[Start of Attachment]
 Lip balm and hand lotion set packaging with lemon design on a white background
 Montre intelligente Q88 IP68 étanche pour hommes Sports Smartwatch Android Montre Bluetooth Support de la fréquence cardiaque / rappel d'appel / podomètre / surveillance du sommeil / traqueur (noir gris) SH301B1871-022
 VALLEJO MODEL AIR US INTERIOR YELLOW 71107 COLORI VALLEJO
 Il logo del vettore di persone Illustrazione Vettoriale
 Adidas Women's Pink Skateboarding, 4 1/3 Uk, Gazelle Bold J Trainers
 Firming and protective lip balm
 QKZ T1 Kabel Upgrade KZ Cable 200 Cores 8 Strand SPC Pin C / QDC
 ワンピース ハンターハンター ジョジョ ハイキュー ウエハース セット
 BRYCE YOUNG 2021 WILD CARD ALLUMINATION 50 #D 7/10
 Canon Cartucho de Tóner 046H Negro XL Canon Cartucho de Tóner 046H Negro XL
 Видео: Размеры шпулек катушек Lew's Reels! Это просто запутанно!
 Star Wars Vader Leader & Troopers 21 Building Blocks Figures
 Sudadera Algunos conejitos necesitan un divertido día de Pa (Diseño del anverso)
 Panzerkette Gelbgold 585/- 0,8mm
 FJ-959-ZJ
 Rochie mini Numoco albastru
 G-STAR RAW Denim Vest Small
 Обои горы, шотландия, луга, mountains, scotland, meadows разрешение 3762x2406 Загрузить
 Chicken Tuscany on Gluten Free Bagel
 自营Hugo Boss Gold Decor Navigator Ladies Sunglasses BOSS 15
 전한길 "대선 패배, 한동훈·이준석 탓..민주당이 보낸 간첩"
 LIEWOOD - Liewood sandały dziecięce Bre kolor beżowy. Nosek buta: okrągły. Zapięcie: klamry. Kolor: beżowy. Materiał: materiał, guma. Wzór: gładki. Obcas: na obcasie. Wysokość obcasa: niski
[End of Attachment]
Activity: From the line containing "VALLEJO MODEL AIR" to the final line above, output everything. Change nothing and add nothing.

Problem solution:
 VALLEJO MODEL AIR US INTERIOR YELLOW 71107 COLORI VALLEJO
 Il logo del vettore di persone Illustrazione Vettoriale
 Adidas Women's Pink Skateboarding, 4 1/3 Uk, Gazelle Bold J Trainers
 Firming and protective lip balm
 QKZ T1 Kabel Upgrade KZ Cable 200 Cores 8 Strand SPC Pin C / QDC
 ワンピース ハンターハンター ジョジョ ハイキュー ウエハース セット
 BRYCE YOUNG 2021 WILD CARD ALLUMINATION 50 #D 7/10
 Canon Cartucho de Tóner 046H Negro XL Canon Cartucho de Tóner 046H Negro XL
 Видео: Размеры шпулек катушек Lew's Reels! Это просто запутанно!
 Star Wars Vader Leader & Troopers 21 Building Blocks Figures
 Sudadera Algunos conejitos necesitan un divertido día de Pa (Diseño del anverso)
 Panzerkette Gelbgold 585/- 0,8mm
 FJ-959-ZJ
 Rochie mini Numoco albastru
 G-STAR RAW Denim Vest Small
 Обои горы, шотландия, луга, mountains, scotland, meadows разрешение 3762x2406 Загрузить
 Chicken Tuscany on Gluten Free Bagel
 自营Hugo Boss Gold Decor Navigator Ladies Sunglasses BOSS 15
 전한길 "대선 패배, 한동훈·이준석 탓..민주당이 보낸 간첩"
 LIEWOOD - Liewood sandały dziecięce Bre kolor beżowy. Nosek buta: okrągły. Zapięcie: klamry. Kolor: beżowy. Materiał: materiał, guma. Wzór: gładki. Obcas: na obcasie. Wysokość obcasa: niski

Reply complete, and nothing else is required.